Tenet : le premier mauvais Nolan ?

/!\ La critique suivante contient des spoilers /!\

Au premier abord, Tenet semble se rapprocher d'Inception, avec son esthétique de film d'espionnage et son rapport trompeur à la réalité. Mais si on fait fi des couches superficielles, il est bien plus proche thématiquement d'Interstellar. Car derrière les twists temporels, on ressent les préoccupations eschatologiques de Christopher Nolan à travers l'évocation d'une fin du monde proche que les protagonistes doivent combattre à tout prix.

Si dans Interstellar, le monde contemporain trouve son salut à travers l'aide des civilisations du futur. Dans le cas de Tenet, ces hommes du futur sont à l'inverse des antagonistes cherchant la destruction du monde. Ces ennemis menaçants et omniscients restent invisibles durant tout le long-métrage, et se manifestent uniquement à travers le personnage d'oligarque de Kenneth Branagh, qui est compétent dans son rôle mais qui peine à me convaincre avec son accent russe.

En termes de complexité scénaristique, Tenet dépasse largement les précédents films de Nolan. Il est pratiquement impossible de comprendre les règles édictées par le réalisateur au premier visionnage. Tel un concepteur de jeux malicieux, il s'amuse à empiler les règles les unes par dessus les autres dans le but d'en déployer toute la sophistication lors de la dernière partie du film. N'ayant moi-même pas compris grand chose de tous les mécanismes introduits par le cinéaste, je me garderai d'en commenter les éventuelles incohérences. Je me contenterai de me focaliser sur une question plus simple et fondamentale de mon expérience de spectateur : qu'ai-je ressenti en visionnant Tenet ?

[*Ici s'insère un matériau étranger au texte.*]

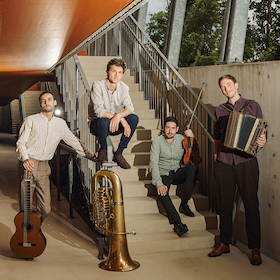 Bild: Maxjoseph - „NAU" - Neue Volksmusik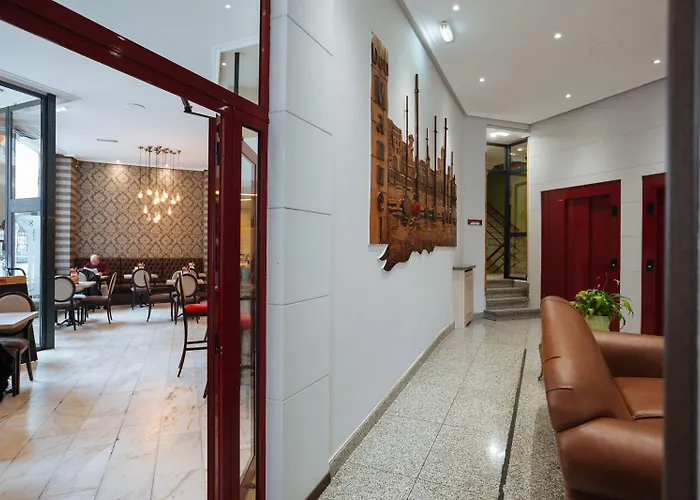 فندق Don Manuel خيخون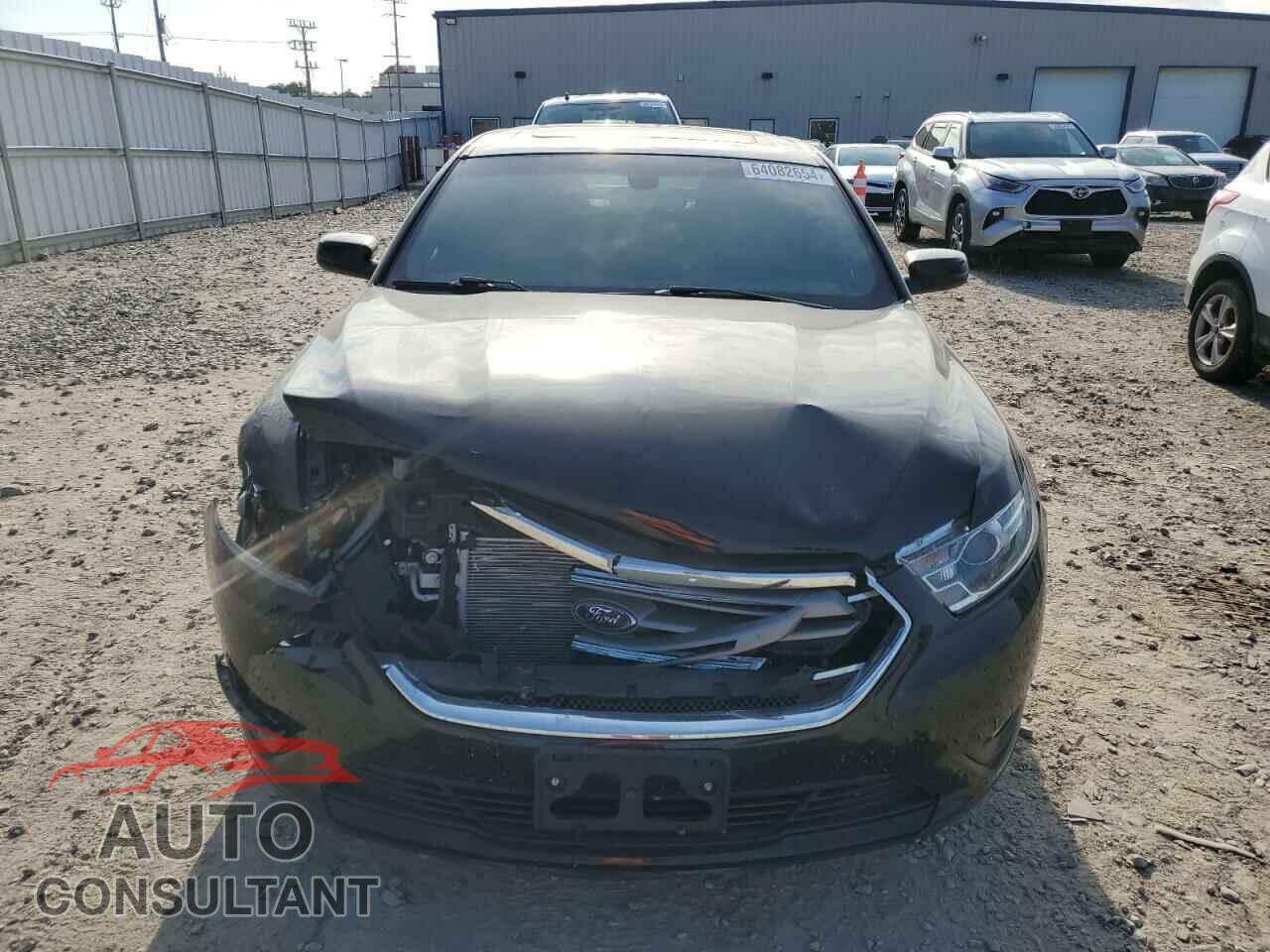 FORD TAURUS 2018 - 1FAHP2E87JG108932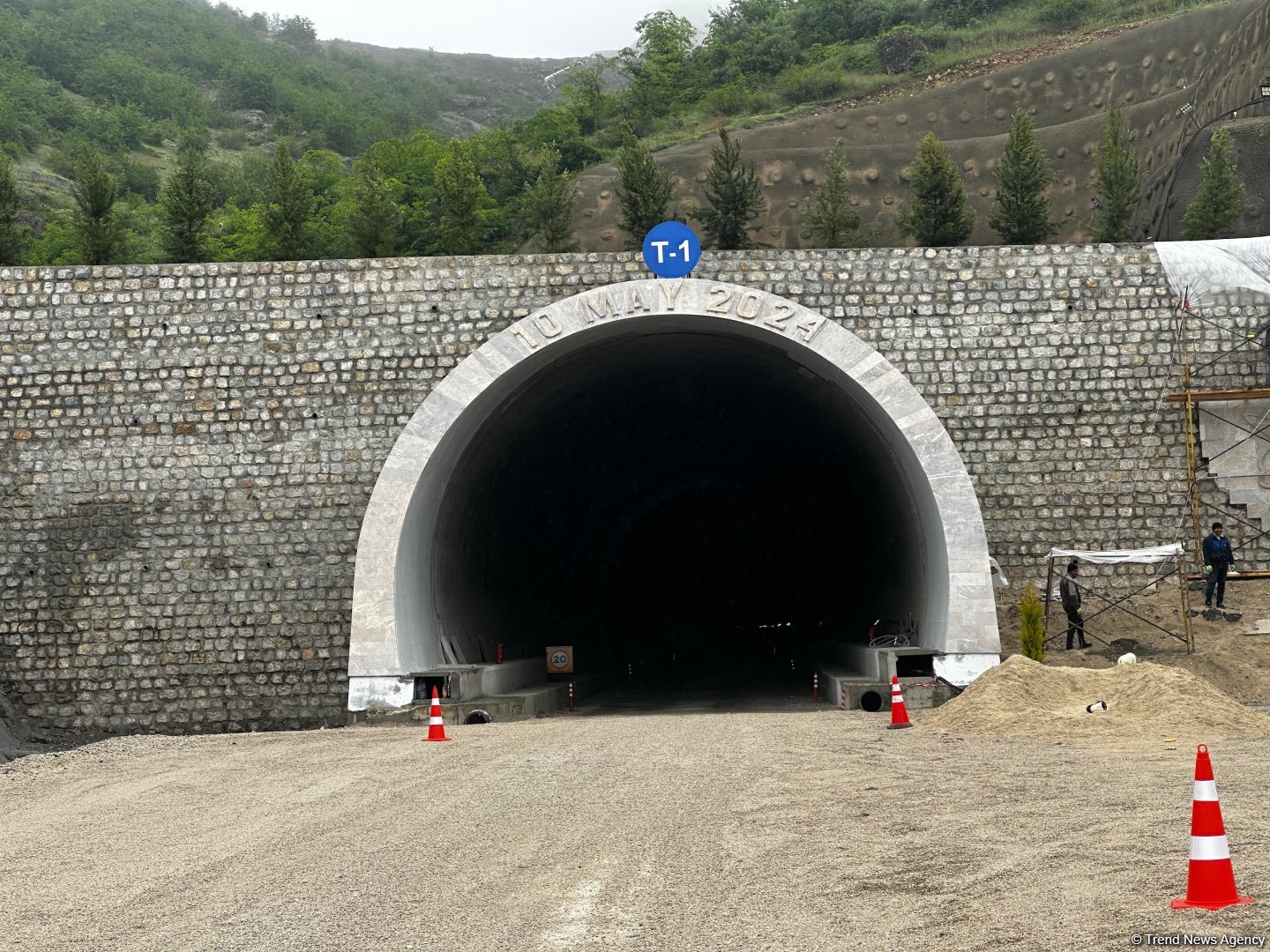 Media reps view Azerbaijan's Ahmadbayli-Fuzuli-Shusha highway building progress (PHOTO)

Comme toujours, le style de Nolan est propre et sans fioritures, dénué de tout pathos qui pourrait nuire au propos. Filmé souvent dans des pays nordiques à la lumière froide, le caractère dépouillé et minimaliste de l'ensemble est encore magnifié par la photographie de Hoyte Von Hoytema et la musique géométrique de Ludwig Goransson. Si l'esthétique du film est froide, on peut malheureusement en dire tout autant des personnages, dont on reste toujours détachés, sans jamais vraiment parvenir à s'identifier à eux, ni à ressentir de l'empathie à leur égard.

C'est là qu'on peut s'interroger sur le format "film d'espionnage", car trop souvent les répliques entre le Protagoniste et les autres acteurs consistent en des ordres de mission laconiques où "il faut aller à un point A rencontrer le personnage B pour récupérer un objet C". Christopher Nolan a beau y rajouter quelques touches d'humour et un sens du dialogue ciselé, rien n'y fait. Le seul arc émotionnel du film réside dans la relation amour-haine entre Andrei Sator et son épouse campée par Elizabeth Debicki. Mais s'agissant de personnages secondaires, leurs échanges ne constituent jamais la moelle épinière du récit (contrairement au rapport entre Cooper et ses enfants dans Interstellar) et on garde un certain détachement à leur égard, en s'étonnant parfois du zèle qu'investit le froid Protagoniste dans leur relation. De façon anecdotique, on peut noter la scène étonnante de brutalité entre Andrei Sator et son épouse (qui la piétine et lui crache au visage), sachant que Nolan présente une violence habituellement assez détachée (personnages tués au pistolet silencieux ou hors-champ).


Abordons maintenant la particularité du film : les retours dans le temps, ou plutôt comme Nolan les appelle : l'entropie inversée des objets. Si elle est à l'origine de scènes assez singulières, et ayant dû constituer un casse-tête à monter, je n'ai jamais vraiment ressenti le vertige cinématographique auquel je m'attendais. De même, le twist final du film (le Protagoniste devient le patron de l'organisation qu'il découvre au début du film) n'offre pas le tournis attendu. Tout au plus peut-on y voir la métaphore du jeune cinéphile découvrant son art et évoluant vers le réalisateur maîtrisant la manipulation sensorielle du spectateur.

Muturscore : 6/10 "D'une sophistication scénaristique sans commune mesure avec les précédentes oeuvres du cinéaste - et à fortiori avec le reste de la production cinématographique grand public - Tenet n'a pas réussi à parler à mon cerveau primitif. On peut en admirer les qualités techniques et le caractère singulier d'un concept poussé jusque dans ses derniers retranchements, Tenet échoue dans la mission première d'une oeuvre d'art : parler au coeur du spectateur."